#### DATASET CONTENT
* * *
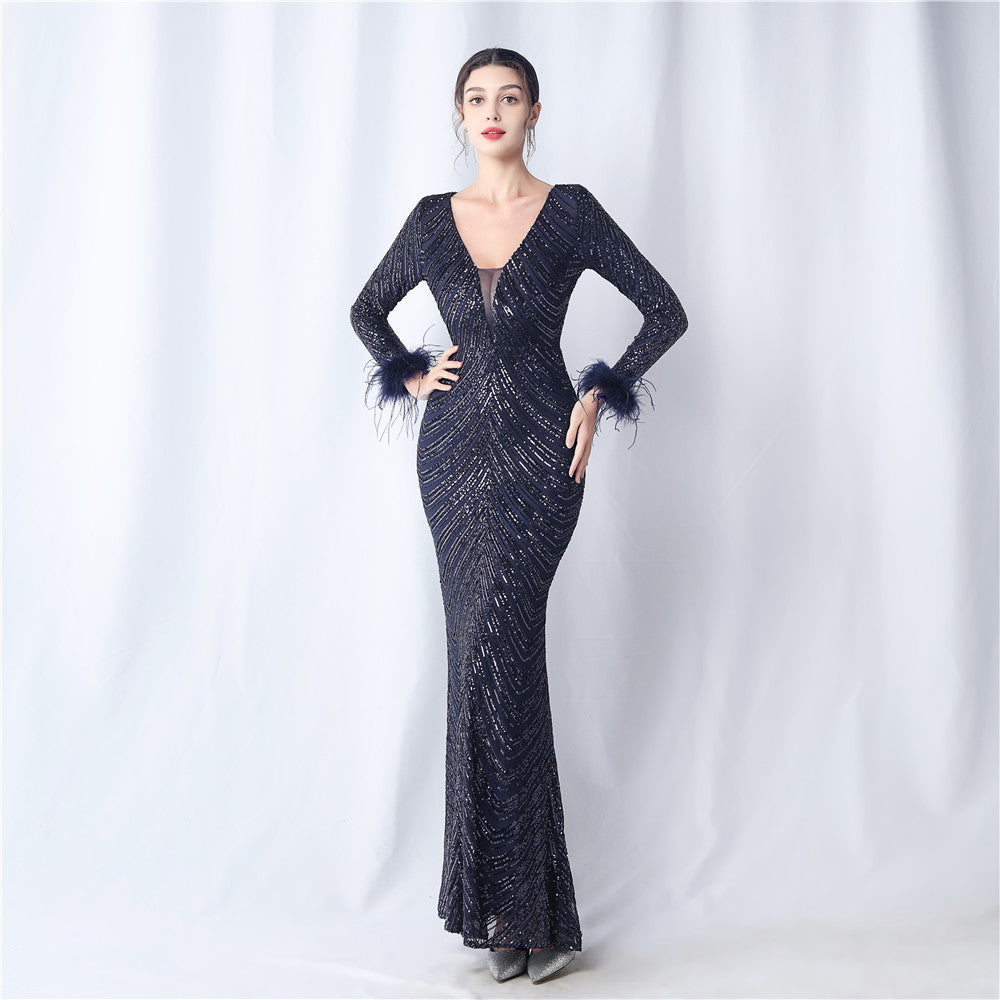 Ostrich Feather Positioning Floral Sequin Long Sleeve High End Evening Dress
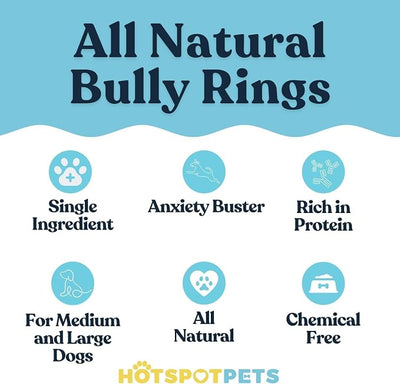 hotspot pets Premium All Natural Bully Stick Rings for Dogs, 3 Count | All Natural Long Twisted Beef Pizzle, Grain Free, Fully Digestible, Rawhide Alternative
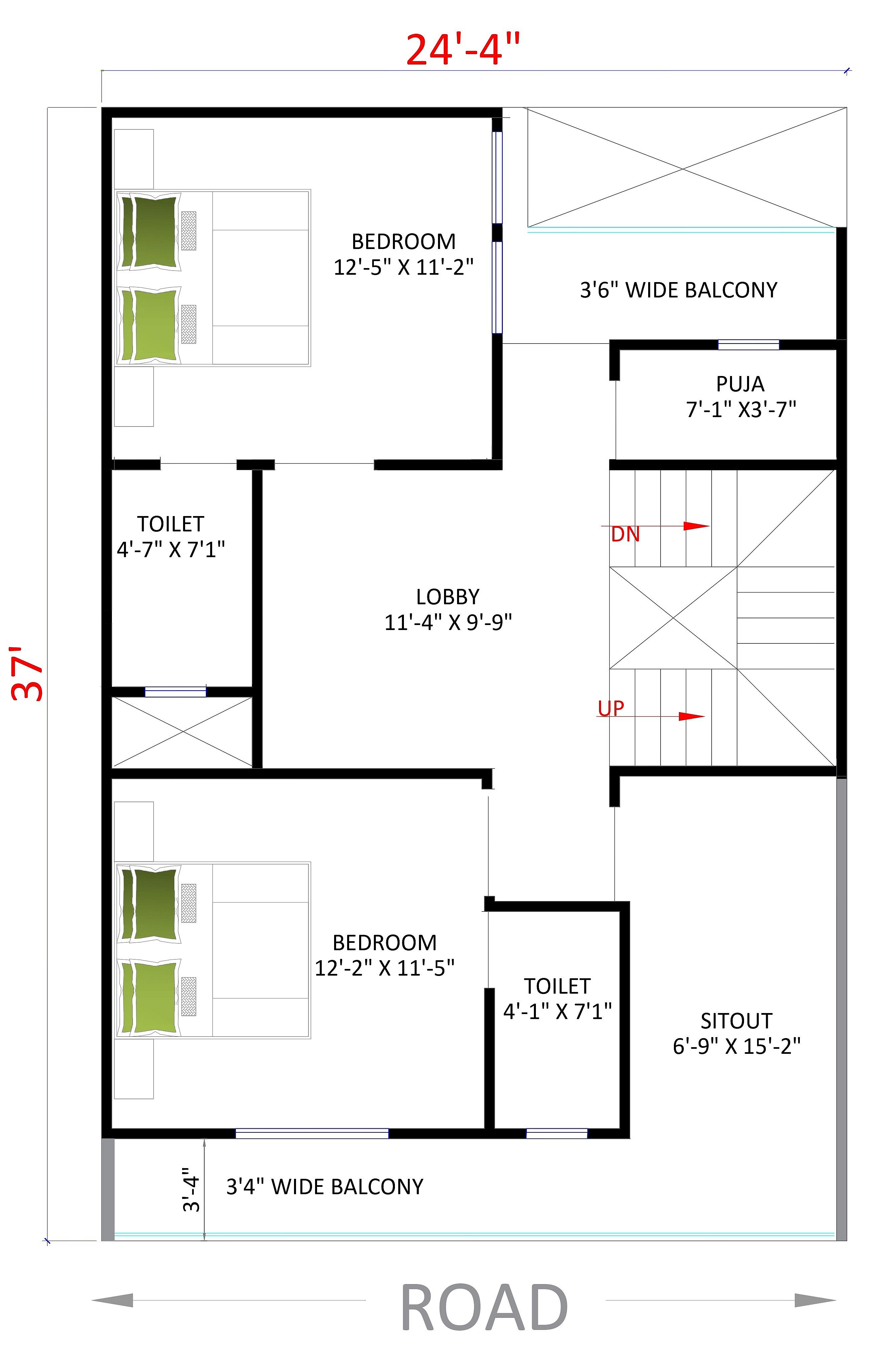 25X37 House Plan- 925 sq ft Residential House Design at Bhopal thumbnail 3 — Project ID 6366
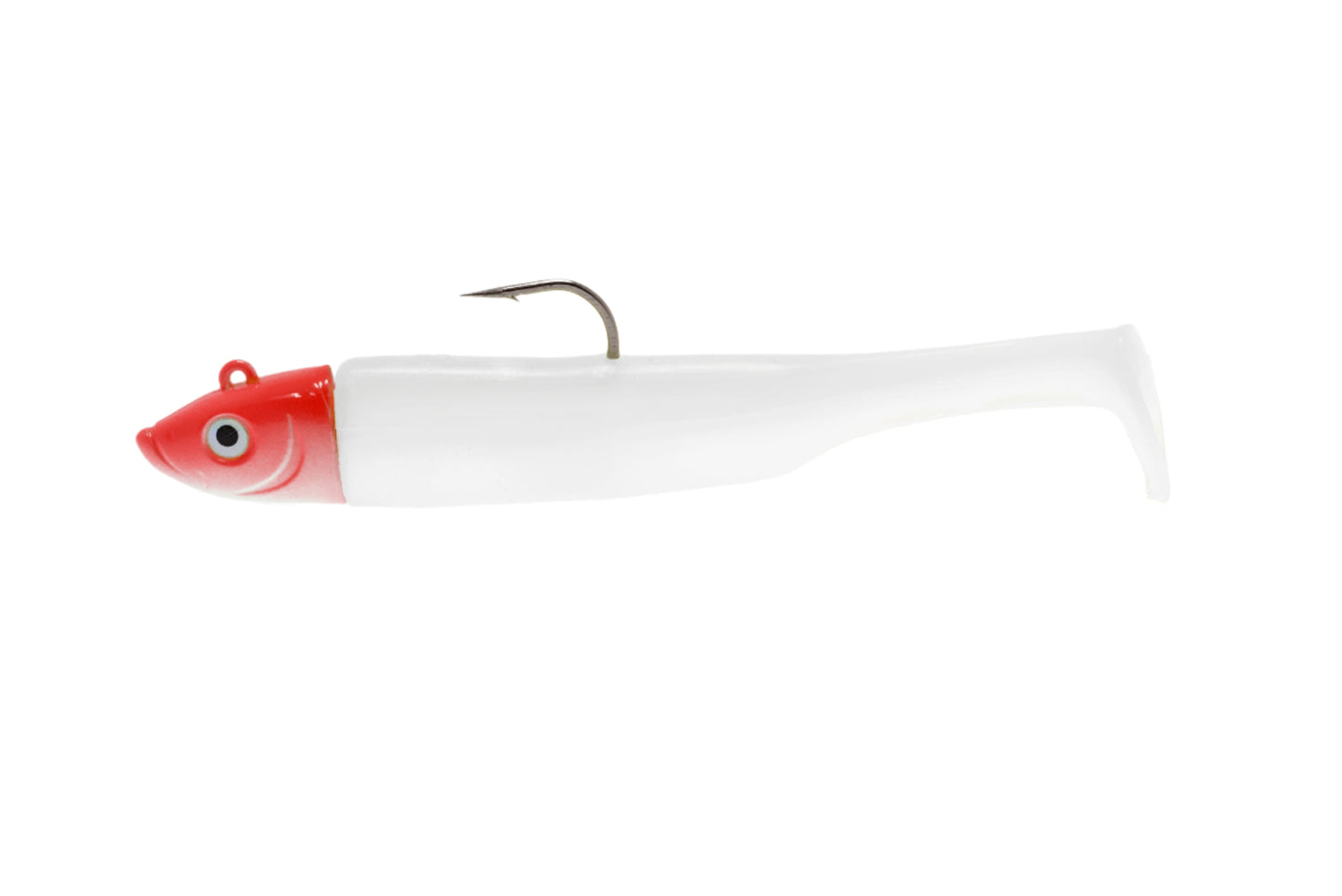 Drift Shad White and Red Head Profile View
* * *
Please repeat exactly the data above from its first line to the line that contains "hotspot pets Premium", inclusive, and leave every picture out.

#### COMPLETED TASK
 Ostrich Feather Positioning Floral Sequin Long Sleeve High End Evening Dress
 hotspot pets Premium All Natural Bully Stick Rings for Dogs, 3 Count | All Natural Long Twisted Beef Pizzle, Grain Free, Fully Digestible, Rawhide Alternative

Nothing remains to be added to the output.